Una nueva promoción de autores se volcaba a las páginas de libros y revistas. Zappietro, Evaristo Urricelqui, Héctor Vicente Morel, Félix Carrasco y Plácido Donato mostraban un interés manifiesto por trascender los límites de la recepción institucional. Los cinco integraron la antología 20 cuentos policiales argentinos (1976).
Urricelqui, "maestro del interrogatorio", "el más paciente y hábil investigador que conoció la institución en las últimas décadas", según Donato, intervino en casos resonantes como el descuartizamiento de Alcira Methyger y trasladó su experiencia en los cuentos de Sangre bajo la lupa (1972) y la novela Careo (1976).
También tuvo una incursión particular en el periodismo.

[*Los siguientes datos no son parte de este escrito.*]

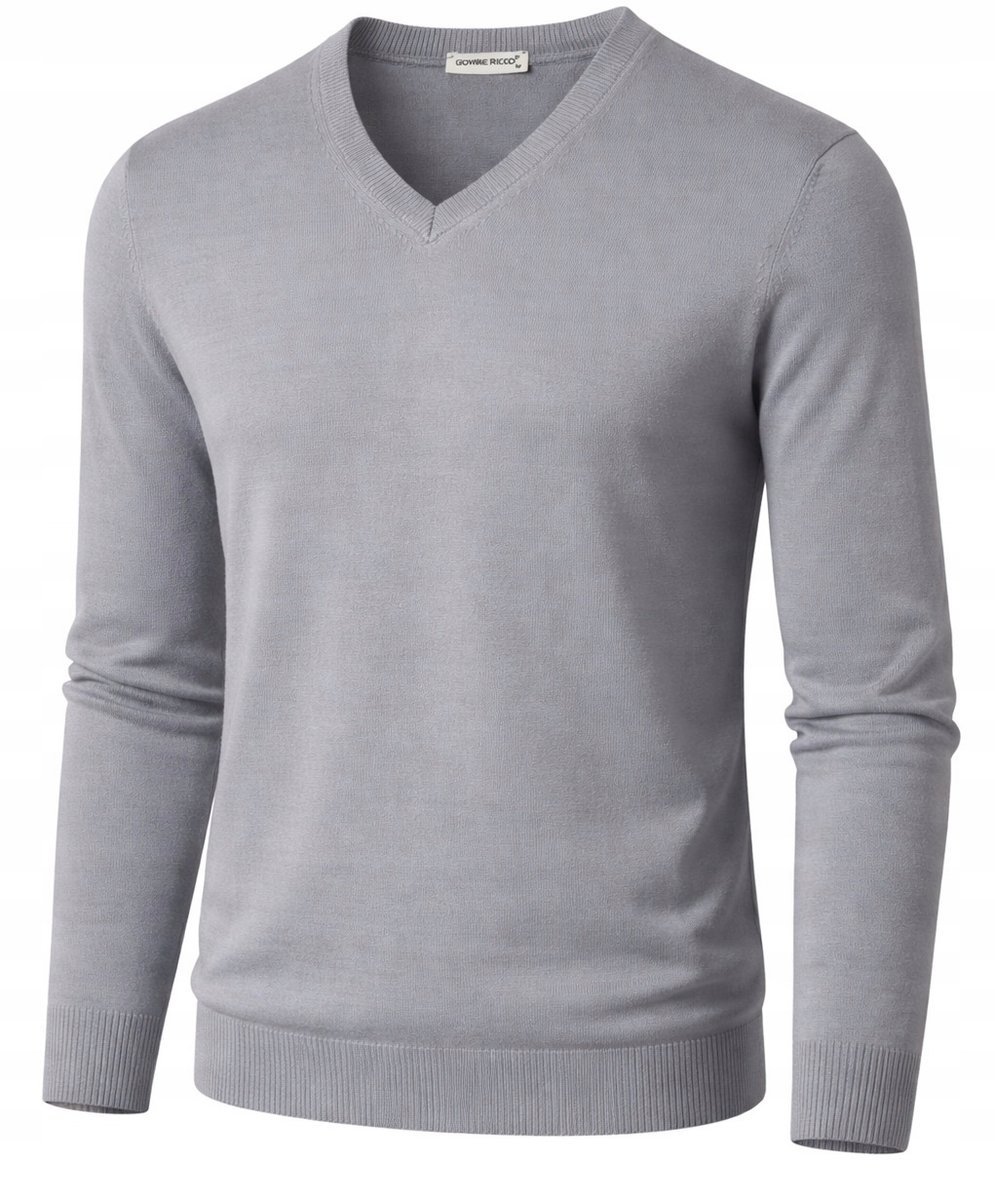 Sweter męski w serek szpic z kaszmiru i wełny merynosów XL kaszmirowy 217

En el verano de 1981 la revista Gente lo envió junto con el periodista Dimas Suárez a Estados Unidos, para que ambos investigaran "los crímenes de Atlanta", referidos a un asesino serial que mataba a jóvenes negros en esa ciudad.
"El crimen habla. Me dice cosas. Como no tengo ningún dato del asesino vamos a tratar de que los muertos nos cuenten quién los mató. Necesito saber la vida y costumbres de las víctimas", planteó Urricelqui a las sorprendidas autoridades norteamericanas. Las muertes fueron atribuidas por el FBI a un fotógrafo, Wayne Williams, pero las dudas persisten en el caso.
Guionista de cine, radio y televisión, Plácido Donato escribió los libretos de Jaque a la policía que se emitía por Radio Nacional. "Era una especie de radioteatro donde se trataban casos policiales pero vistos desde una óptica distinta. Yo buscaba en mis argumentos contar cómo y por qué el delincuente llega al delito", dijo Donato, quien sucedió a Zappietro como director de Mundo Policial.
En televisión, fue guionista de División Homicidios, junto con Marco Denevi y María Angélica Bosco. El actor José Slavin interpretó al inspector Baigorri, el personaje de la ficción. "Era un programa lento para gente con ambición deductiva", recordó Donato en Confesiones de un comisario, libro al que siguió Las anécdotas de la policía, todavía hoy disponible en librerías de usados y en alguna mesa de saldo.
Zappietro adoptó el seudónimo Ray Collins en 1962, cuando comenzó a escribir los guiones de Precinto 56, la historieta protagonizada por el teniente Zero Galván. La primera época de la serie fue ilustrada por José Muñoz y se publicó en la revista Misterix, nombre que Zappietro rescató recientemente para nombrar su propia editorial.
Mientras escribía guiones con seudónimo para Editorial Columba y más tarde para Ediciones Récord (El Cobra, un western con dibujos de Arturo del Castillo; la segunda etapa de Precinto 56, dibujada por Ángel Fernández), despuntaba su obra literaria con la novela Tiempo de morir (finalista del premio Planeta en 1967) y una serie de cuentos que publicó en el suplemento literario de La Prensa.
Director del Museo Policial y autor de una historia de la Policía Federal, Zappietro encontró en el teniente del Precinto 56 su personaje más rendidor: en 2011 lo llevó a la novela Mi nombre es Zero Galván, con el que ganó el concurso Extremo Negro y se convirtió en un autor de culto en las convenciones de comics.
El contacto cotidiano con los crímenes reales, el conocimiento de los policías y delincuentes tal como existen, son sus recursos. Los policías escritores no necesitan demasiada imaginación. La experiencia de la calle es su musa inspiradora, desde los tiempos en que el comisario José S. Álvarez recorría los circuitos de la prostitución, el juego clandestino y los cafés del bajo fondo, "las cloacas máximas de Buenos Aires".